Start of INPUT FOR THIS TASK

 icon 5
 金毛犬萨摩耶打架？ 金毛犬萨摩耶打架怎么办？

End of INPUT FOR THIS TASK
Start of INPUT FOR THIS TASK

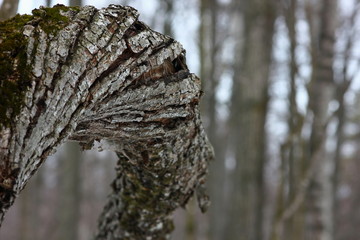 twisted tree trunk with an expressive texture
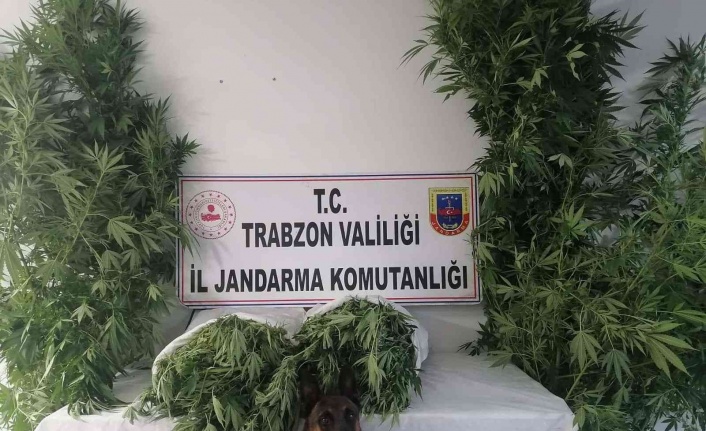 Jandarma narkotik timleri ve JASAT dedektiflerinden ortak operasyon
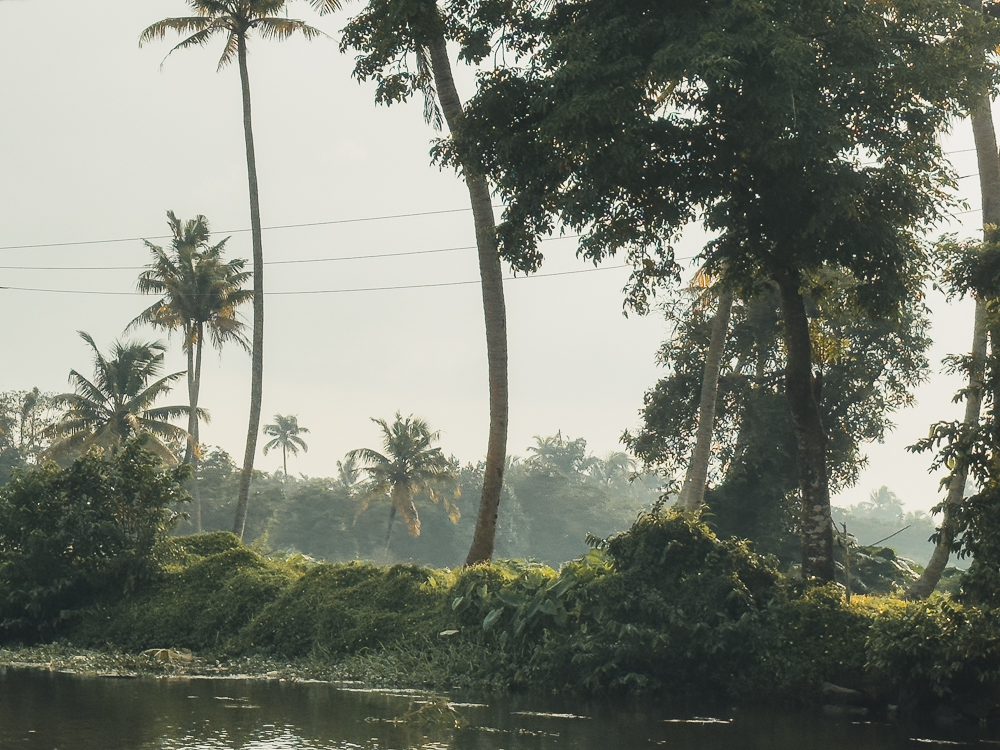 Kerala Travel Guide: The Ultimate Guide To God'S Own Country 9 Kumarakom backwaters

End of INPUT FOR THIS TASK
Start of INPUT FOR THIS TASK

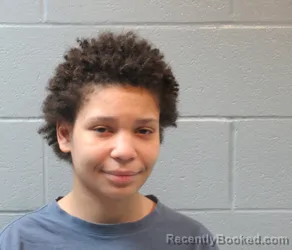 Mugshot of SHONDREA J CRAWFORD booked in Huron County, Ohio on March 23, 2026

End of INPUT FOR THIS TASK

→ WHAT THIS TASK INVOLVES
Copy needed, without pictures: the lines of the listing above from the line containing "twisted tree trunk" up to and including the line containing "Kerala Travel Guide: The", set down exactly.

→ TASK SOLUTION
 twisted tree trunk with an expressive texture
 Jandarma narkotik timleri ve JASAT dedektiflerinden ortak operasyon
 Kerala Travel Guide: The Ultimate Guide To God'S Own Country 9 Kumarakom backwaters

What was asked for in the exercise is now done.